Question

An experiment consists of tossing a die and then flipping a coin once if the number on the die is even. If the number on the die is odd, the coin is flipped twice. Using the notation 4H, for example, to denote the outcome that the die comes up 4 and then the coin comes up heads, and 3HT to denote the outcome that the die comes up 3 followed by a head and then a tail on the coin, construct the sample space S and then find the probability of getting an even number on the die followed by one head. 3/18 6/18 3/12 6/12

Answer 1

Answer:

$\Omega = \{ 1HH, 1HT, 1TH, 1TT, 2H, 2T, 3HH, 3HT, 3TH, 3TT, 4H, 4T,\\5HH , 5HT, 5TH, 5TT, 6H, 6T \}$

The probability is 3/12. The third option is correct.

Step-by-step explanation:

The sample space is

$\Omega = \{ 1HH, 1HT, 1TH, 1TT, 2H, 2T, 3HH, 3HT, 3TH, 3TT, 4H, 4T,\\5HH , 5HT, 5TH, 5TT, 6H, 6T \}$

Note that this sample space is not equally probable.

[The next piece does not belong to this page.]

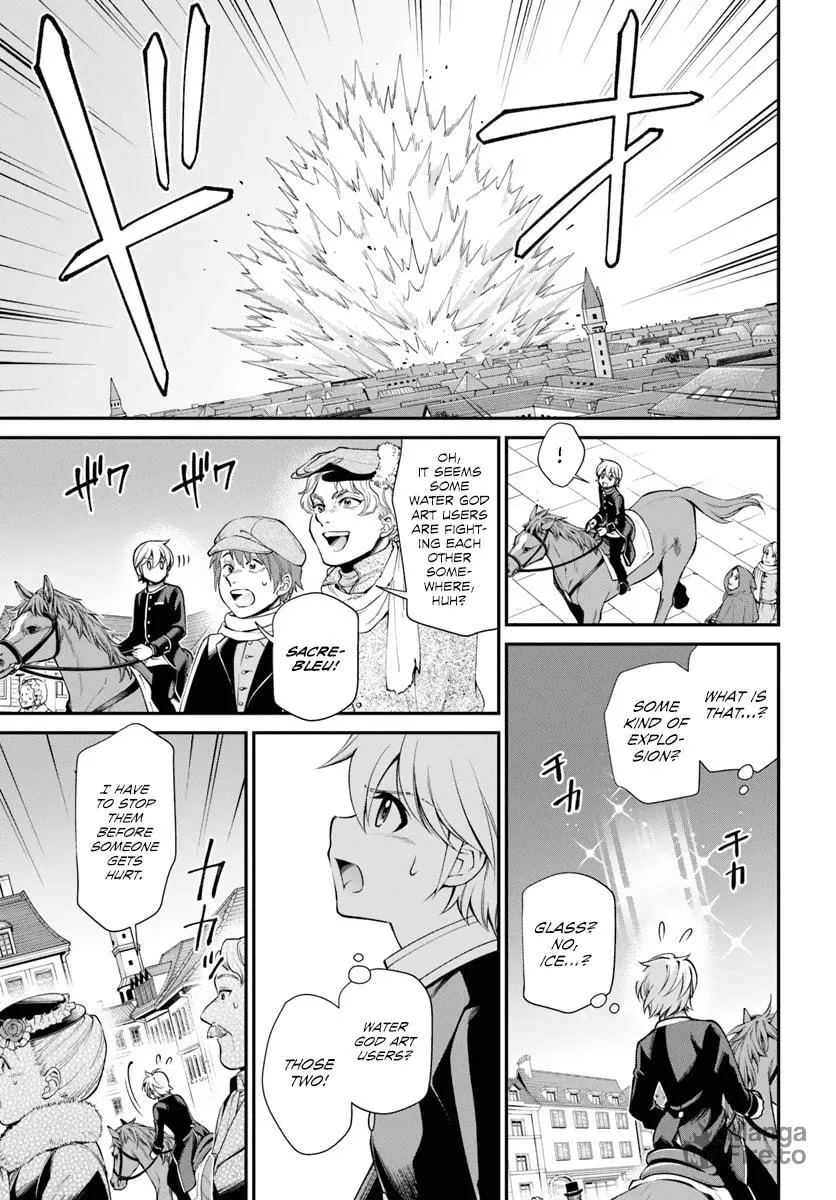 Parallel World Pharmacy Chapter 53 page 20 -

The probability of getting a given number followed is the probability of getting an even number from the 6 numbers (3/6) multiplied by the probability of getting a head after getting that even number, that is 1/2, because is equally probable to get heads or tails from one single coin toss (note that we are assuming that the dice was even, thats why there is a single coin toss).

Therefore, the probability of getting an even number and a head is

P( D in {2,4,6} , H = 1) = P(D in {2,4,6}) * P(H=1 | D in {2,4,6}) = 3/6 * 1/2 = 3/12.